The initial credits for financing the railroad were supplied by Yamhill and Polk county farmers. The San Francisco firm that furnished the rails took mortgage security, and had to resort to foreclosure for collection. Other credit came from Joseph Gaston, who had promoted the Portland-Forest Grove railroad in 1867–70, and who, though possessing but small means in cash, owned lands which he offered as pledges. These financial resources were so inadequate that the project soon fell into receivership, from which it was extricated by Scotch capitalists headed by William Reid, who in 1878–81 invested some $2,500,000 in the property. This capital of the Scotchmen also proved insufficient, a further expenditure of more than $400,000, borrowings by the Oregon receiver in 1885–89, failed to place the railroad on a sound financial basis, and finally the property passed to the Southern Pacific for less than half its original cost, netting to the Scotchmen an apparent loss of some $1,300,000.

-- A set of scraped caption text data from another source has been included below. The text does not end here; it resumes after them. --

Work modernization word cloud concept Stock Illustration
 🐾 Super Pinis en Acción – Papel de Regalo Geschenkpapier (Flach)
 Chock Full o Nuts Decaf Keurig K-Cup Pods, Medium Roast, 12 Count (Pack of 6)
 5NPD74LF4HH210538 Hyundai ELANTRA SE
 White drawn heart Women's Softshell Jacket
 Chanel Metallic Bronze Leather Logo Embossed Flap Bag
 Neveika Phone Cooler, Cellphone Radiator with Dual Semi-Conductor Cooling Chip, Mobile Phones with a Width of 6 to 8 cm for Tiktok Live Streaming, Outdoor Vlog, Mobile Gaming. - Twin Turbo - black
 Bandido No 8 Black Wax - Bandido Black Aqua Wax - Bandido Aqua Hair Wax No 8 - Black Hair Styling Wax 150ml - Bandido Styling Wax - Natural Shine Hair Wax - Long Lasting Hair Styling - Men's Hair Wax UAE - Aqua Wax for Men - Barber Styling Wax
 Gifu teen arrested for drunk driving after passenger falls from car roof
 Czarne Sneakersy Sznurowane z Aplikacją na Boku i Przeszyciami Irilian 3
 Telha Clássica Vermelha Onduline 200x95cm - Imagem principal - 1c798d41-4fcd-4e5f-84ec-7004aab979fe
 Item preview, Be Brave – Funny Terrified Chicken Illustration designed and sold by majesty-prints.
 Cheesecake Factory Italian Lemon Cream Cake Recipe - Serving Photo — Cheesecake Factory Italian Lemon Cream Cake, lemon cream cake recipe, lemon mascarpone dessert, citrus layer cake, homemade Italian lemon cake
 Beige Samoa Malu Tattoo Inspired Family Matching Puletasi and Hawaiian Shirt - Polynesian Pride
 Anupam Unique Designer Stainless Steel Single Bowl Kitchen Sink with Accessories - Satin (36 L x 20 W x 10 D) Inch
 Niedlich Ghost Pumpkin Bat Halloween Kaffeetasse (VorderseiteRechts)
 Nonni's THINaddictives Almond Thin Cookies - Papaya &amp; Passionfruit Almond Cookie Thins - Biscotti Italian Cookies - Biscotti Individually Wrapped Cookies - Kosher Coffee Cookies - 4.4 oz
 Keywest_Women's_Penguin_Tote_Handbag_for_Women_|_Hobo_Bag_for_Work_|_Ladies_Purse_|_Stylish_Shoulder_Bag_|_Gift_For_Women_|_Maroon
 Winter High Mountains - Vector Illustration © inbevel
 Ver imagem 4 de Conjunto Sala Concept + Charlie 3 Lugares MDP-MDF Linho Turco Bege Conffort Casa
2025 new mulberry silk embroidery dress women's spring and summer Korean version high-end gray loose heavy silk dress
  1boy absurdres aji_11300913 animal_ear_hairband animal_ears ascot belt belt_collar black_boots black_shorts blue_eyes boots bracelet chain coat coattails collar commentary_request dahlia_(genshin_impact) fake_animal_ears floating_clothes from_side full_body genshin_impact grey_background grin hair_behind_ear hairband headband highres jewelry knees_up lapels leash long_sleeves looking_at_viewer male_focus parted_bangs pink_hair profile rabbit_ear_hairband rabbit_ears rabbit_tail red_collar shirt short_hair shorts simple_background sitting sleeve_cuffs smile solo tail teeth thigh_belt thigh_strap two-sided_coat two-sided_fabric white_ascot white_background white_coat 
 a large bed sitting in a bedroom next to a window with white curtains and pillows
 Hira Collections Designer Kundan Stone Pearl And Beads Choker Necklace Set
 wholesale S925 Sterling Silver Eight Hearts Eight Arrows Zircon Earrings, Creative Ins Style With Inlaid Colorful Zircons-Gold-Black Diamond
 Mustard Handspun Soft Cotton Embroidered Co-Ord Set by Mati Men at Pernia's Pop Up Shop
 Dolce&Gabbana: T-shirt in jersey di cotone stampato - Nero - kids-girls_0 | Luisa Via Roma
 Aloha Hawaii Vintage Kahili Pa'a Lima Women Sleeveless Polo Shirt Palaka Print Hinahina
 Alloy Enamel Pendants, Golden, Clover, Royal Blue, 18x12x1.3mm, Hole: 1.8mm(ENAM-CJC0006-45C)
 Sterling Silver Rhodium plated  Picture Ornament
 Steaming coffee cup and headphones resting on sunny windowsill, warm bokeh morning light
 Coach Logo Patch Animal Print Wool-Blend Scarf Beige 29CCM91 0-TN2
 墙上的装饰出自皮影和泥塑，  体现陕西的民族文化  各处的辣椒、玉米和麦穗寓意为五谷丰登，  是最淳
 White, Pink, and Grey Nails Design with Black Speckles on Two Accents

So much for the general survey of the history. Now for details.

Farmers of Yamhill and Polk counties had been waiting many years for promised railroad construction, when, in 1877, a narrow gauge scheme was proposed, to extend from steamboat connections at Dayton to Sheridan, twenty miles. The farmers had grown impatient. Joseph Gaston had promised them a railroad in 1867–70, and Ben Holladay in 1870–73. The latter had opened the west side railroad from Portland to Saint Joseph,[1] near McMinnville, in 1872, and then had collapsed financially. Residents of Yamhill and Polk had expected big things from the west side line, and had seen


  1. By way of Forest Grove. At this time the Oregon and California Railroad, operating between Portland and Roseburg, and between Portland and Saint Joseph, could not finance the extensions demanded by the people of Willamette Valley, and the best that it could do was to extend fifty miles in 1878 from Saint Joseph to Corvallis. This period of popular clamor for railroads, which resulted in the narrow gauge project, was a period of depression in the earnings of the Oregon and California lines, brought about partly by low rates, which were due to river competition and by the need of stimulating wheat production, and partly by high cost of replacement construction of trestles, bridges and rails. "The net earnings," writes Mr. Richard Koehler in a recent letter to the writer, "dwindled down to less than was necessary to pay one per cent on the bonds outstanding."